[RECORDS SHOWN]

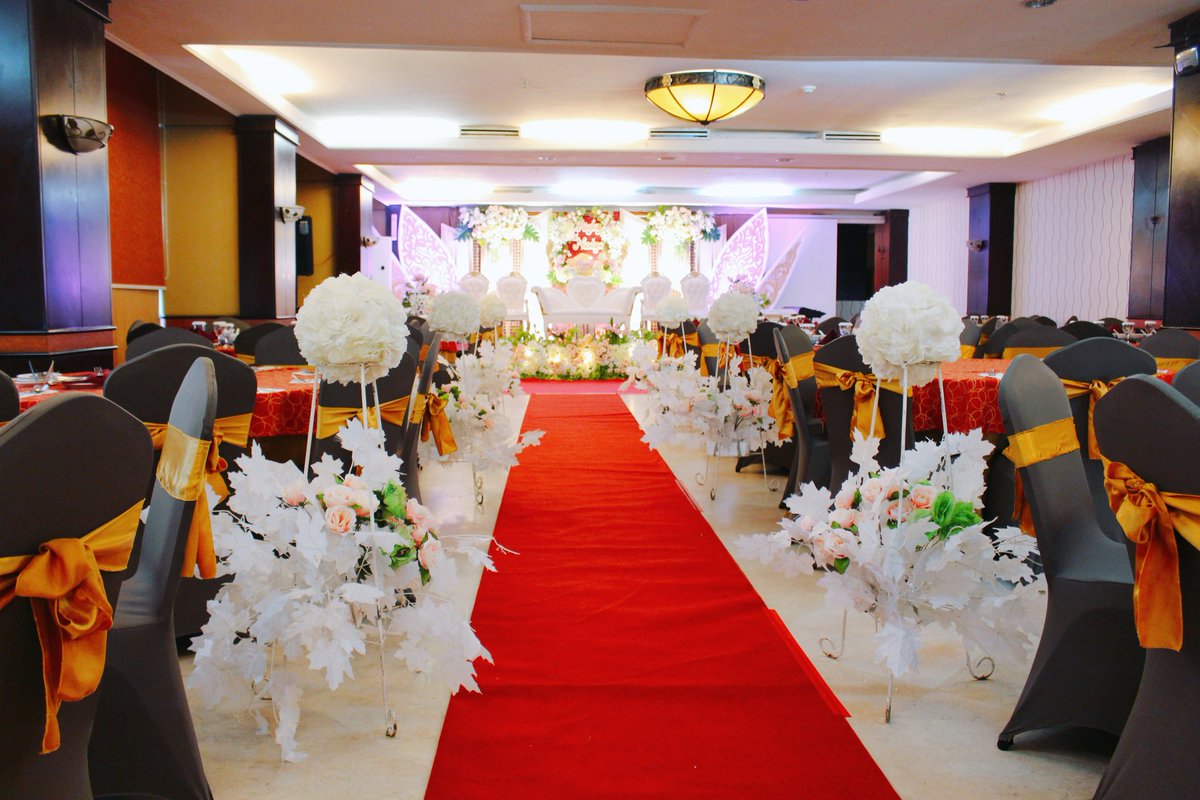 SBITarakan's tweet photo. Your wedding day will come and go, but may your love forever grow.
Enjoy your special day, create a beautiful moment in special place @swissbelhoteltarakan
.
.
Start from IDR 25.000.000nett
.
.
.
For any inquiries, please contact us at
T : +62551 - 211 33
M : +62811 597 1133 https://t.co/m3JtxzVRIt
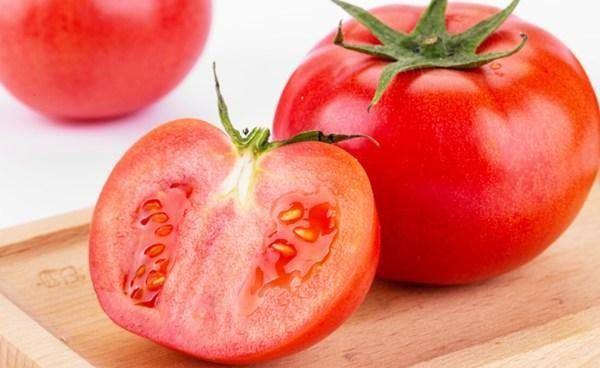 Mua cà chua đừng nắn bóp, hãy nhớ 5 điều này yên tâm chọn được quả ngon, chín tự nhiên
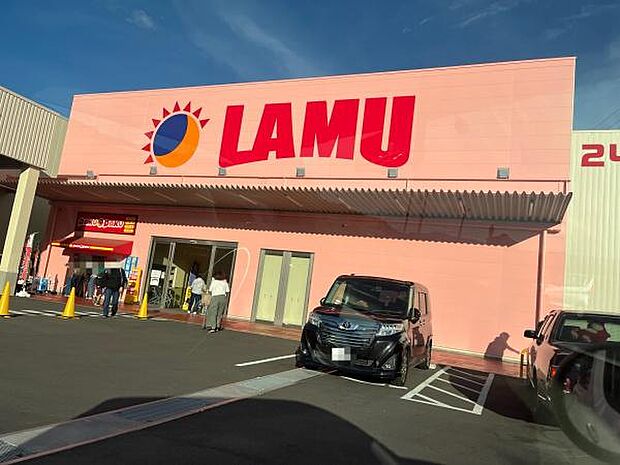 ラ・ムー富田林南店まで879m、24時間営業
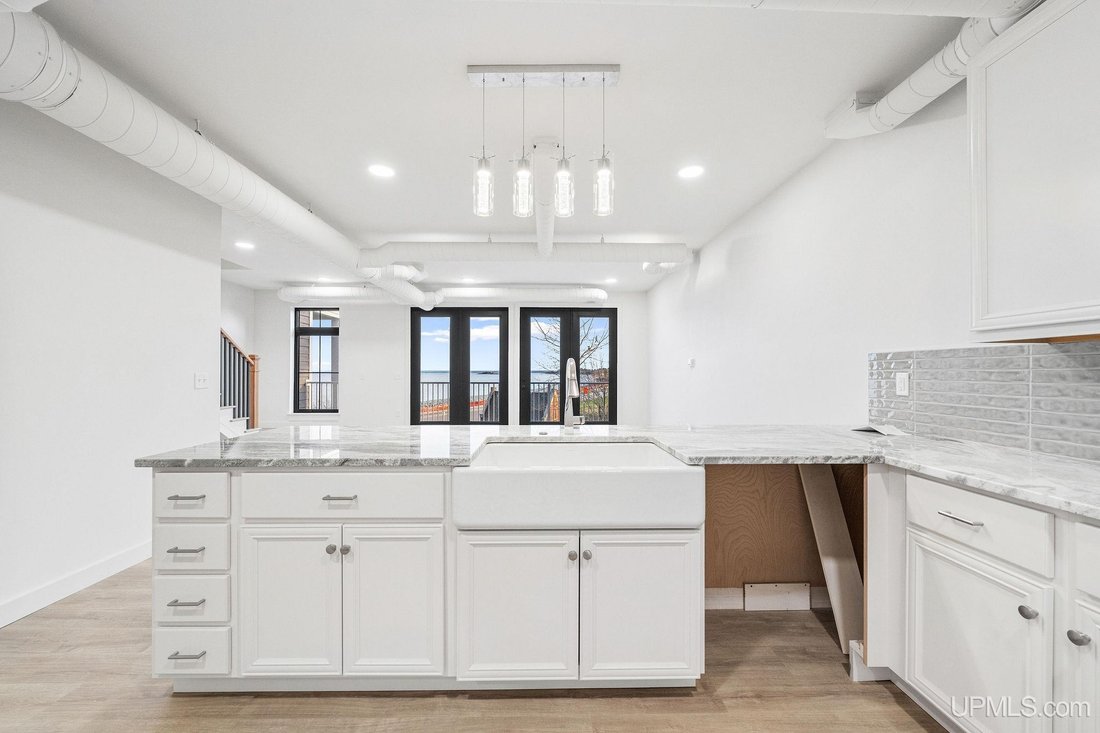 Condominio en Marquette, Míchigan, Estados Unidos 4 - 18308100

[/RECORDS SHOWN]

Leave out every picture, and copy exactly the lines from the line that contains "T : +62551 - 211 33" through the end of the material.

EXERCISE RESULT
T : +62551 - 211 33
M : +62811 597 1133 https://t.co/m3JtxzVRIt
 Mua cà chua đừng nắn bóp, hãy nhớ 5 điều này yên tâm chọn được quả ngon, chín tự nhiên
 ラ・ムー富田林南店まで879m、24時間営業
 Condominio en Marquette, Míchigan, Estados Unidos 4 - 18308100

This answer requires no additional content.